Enough Muffin Butterin' Let's Talk About Atheists
Link to Atheist Ten Commandments
I am not an Atheist. I have never claimed to be an Atheist. I did find this interesting.
I am certain that this is simply Satan's way of separating us from knowing Jesus...so Tidy should steer clear of it. It may result in thought, which, as we all know, leads us to question what we know and what we believe. It could lead to doubt which starts with "d" (as does damnation).
Anyway, what I find interesting about these Ten Commandments is that they are generally reasonable positions. How can you demonize a human being that follows these ten simple rules? How can you ostracize Atheists?

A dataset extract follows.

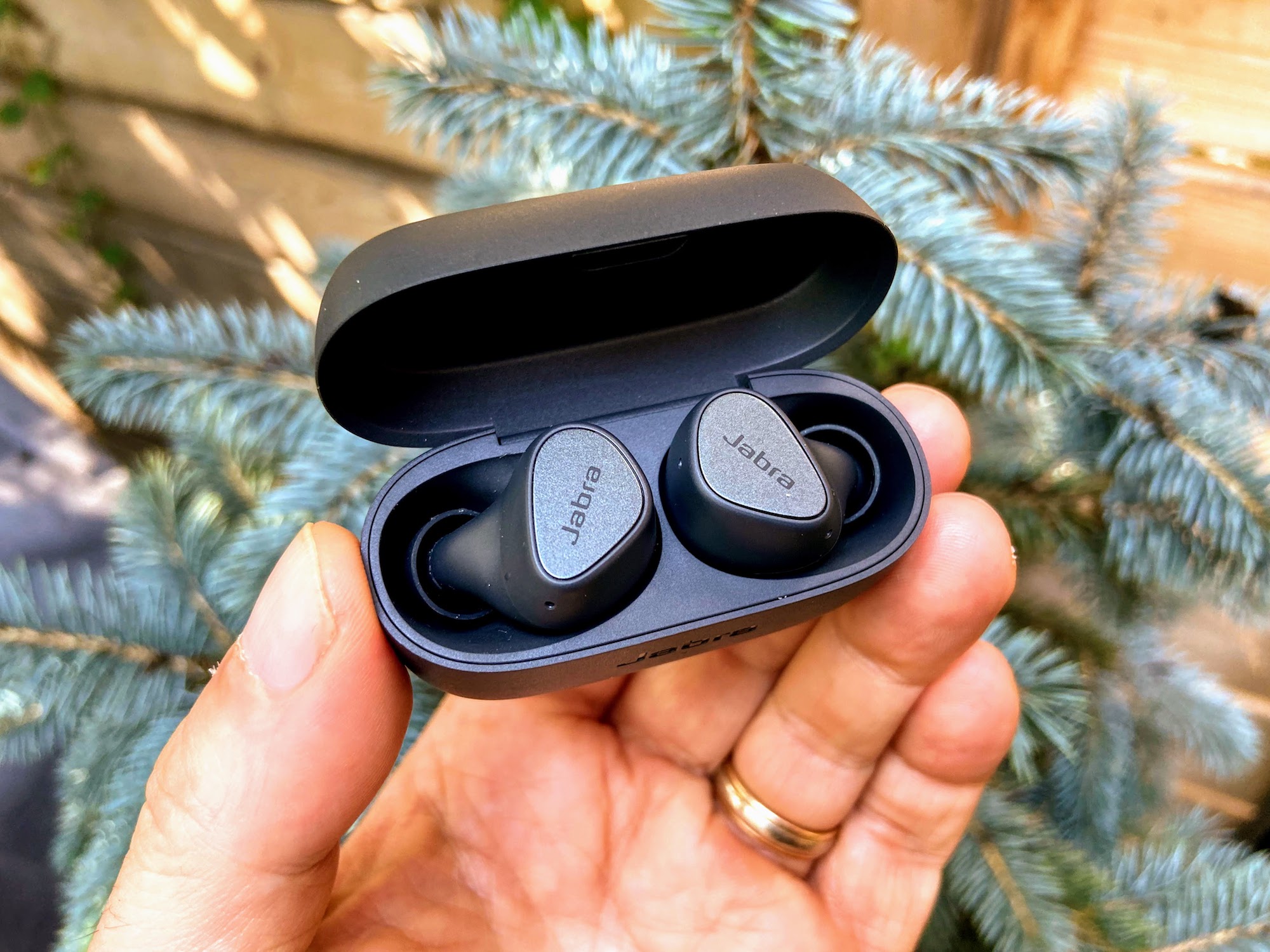 bose wireless earbuds green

Anyone want to set the over-under on how many responses start with "Well, the Bible says..."?
Meanwhile...back at the ranch:
Link to: Hi, My name is Pat Robertson and I am an idiot
Whose philosophy is more "Christian"???
18 Comments:
Being african we don't know much about this God dude here in the jungle, but he sounds like a larf.
We do know a lot about buttering our muffins though...

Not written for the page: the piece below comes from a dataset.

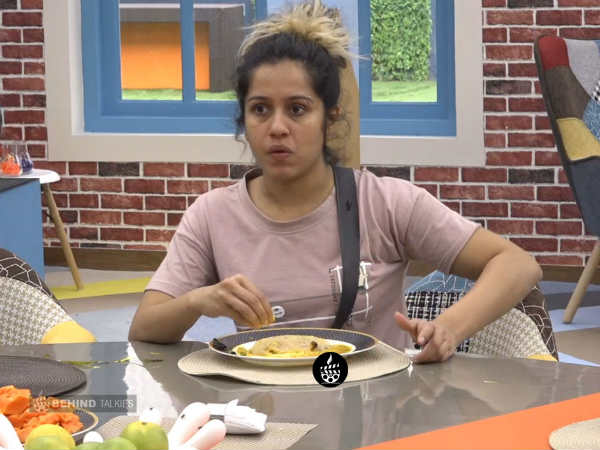   രഞ്ജിനി മടങ്ങി വരും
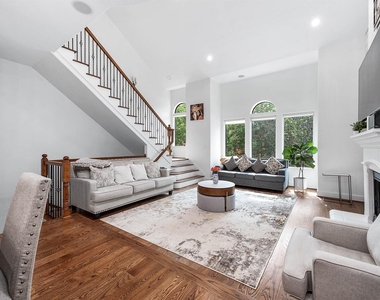 620 Westcott Street - Photo Thumbnail 3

I've been called an atheist my whole life although in truth I am Agnostic, but Christians normally don't recognize the diference...also I can't spell very...um...good. So I am going to a hell which I don't believe exists. Damn.
what the fuck is wrong with this guy that every time something happens he is sure it is becuase god hates someone... when he dies a horrible dramatic death i'm sure it will be because god hates him.... ok ok... it will be because he's an idiot, but that's getting away from my point.

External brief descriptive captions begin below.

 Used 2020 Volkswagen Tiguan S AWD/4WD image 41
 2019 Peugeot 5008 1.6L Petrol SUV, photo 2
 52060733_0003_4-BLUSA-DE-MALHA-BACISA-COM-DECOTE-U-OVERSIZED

All of his "god talk" is giving me the urge to down a fifth and smoke a doobie for breakfast...
Anyone care to join me for breakfast at NWG's house???
I think the lockness monster's philosophy is more christian.
After reading this post, I now know the amount of people who are afflicted with Downs Syndrome: a million and one - All of Pat Robertson's viewers and, of course, himself.
Thanks for the education, Pinky.
Now, I'm off to see the wizard.
Nowhere Girl,
I'm already on a plane for your place with a bottle of Don Julio in one hand and The Pendulum in the other.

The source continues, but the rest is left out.